Par Valérie Delage
Combien de fois se fait-on poser cette question dès notre plus jeune âge? Passés les classiques « pompier » ou « policier » de l’enfance, pas toujours facile après le secondaire, ou même le Cégep, de choisir une voie qui nous convient lorsqu’on a soi-même une personnalité en construction et encore bien peu d’assurance sur qui on est. Il nous faut faire un choix qui engage pour longtemps, sans expérience et avec une forte tendance à vivre sa jeunesse au jour le jour. La pression familiale et sociale peut alors s’avérer forte pour ceux qui n’ont pas déjà une idée précise de leur vocation.

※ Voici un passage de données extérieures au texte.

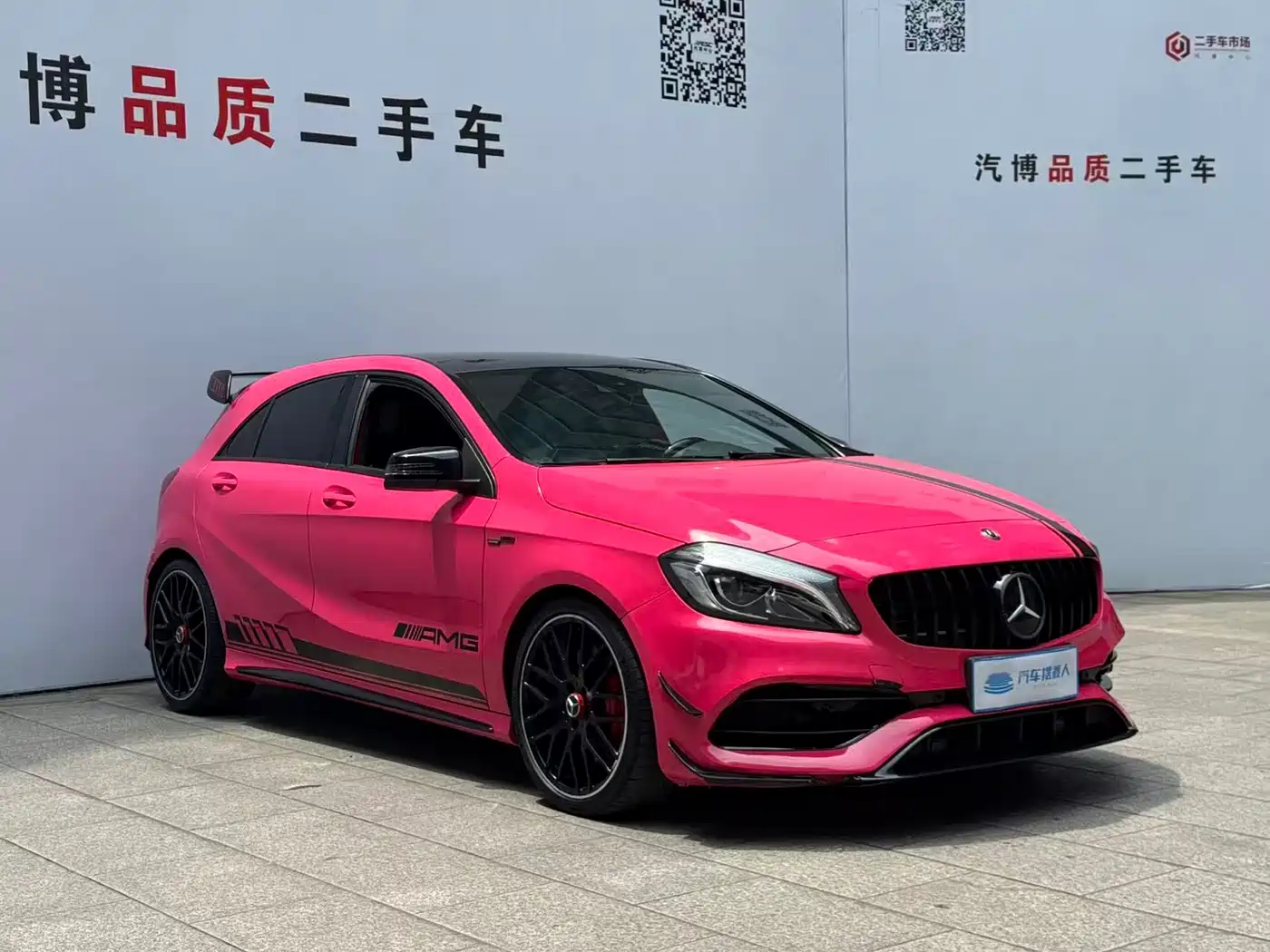 Mercedes-Benz A-Class AMG (Import) 2017 AMG A 45 4MATIC фото 3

Pour ma part, j’ai toujours eu un intérêt pour la compréhension de l’humain. Par conséquent, si ça n’avait été que de mon propre choix, j’aurais plutôt eu tendance à me diriger naturellement vers la psychologie ou les sciences sociales (« sciences molles »). Ce n’était toutefois pas des domaines reconnus pour leurs débouchés sur le marché de l’emploi, sans compter qu’en France où j’ai grandi, société hiérarchisée et élitiste s’il en est, ceux-ci étaient plutôt péjorativement associés aux étudiants qui n’avaient pas de bons résultats à l’école et qui s’en allaient là parce qu’ils n’avaient pas les capacités d’intégrer des domaines plus exigeants intellectuellement! Or, presque pour mon malheur, j’avais plutôt des facilités à l’école, en particulier dans les matières scientifiques (« sciences dures »). Par conséquent, difficile de faire avaler la pilule à mon père, pourvoyeur durant mes études, d’une possible vocation « en dessous de mes capacités ». Mon géniteur avait plutôt l’ambition pour moi d’une carrière qui ne manquerait pas d’opportunités d’emploi, plus prestigieuse à ses yeux, tel que dans le secteur du génie, ou encore plus rémunératrice, tel que dans le secteur commercial.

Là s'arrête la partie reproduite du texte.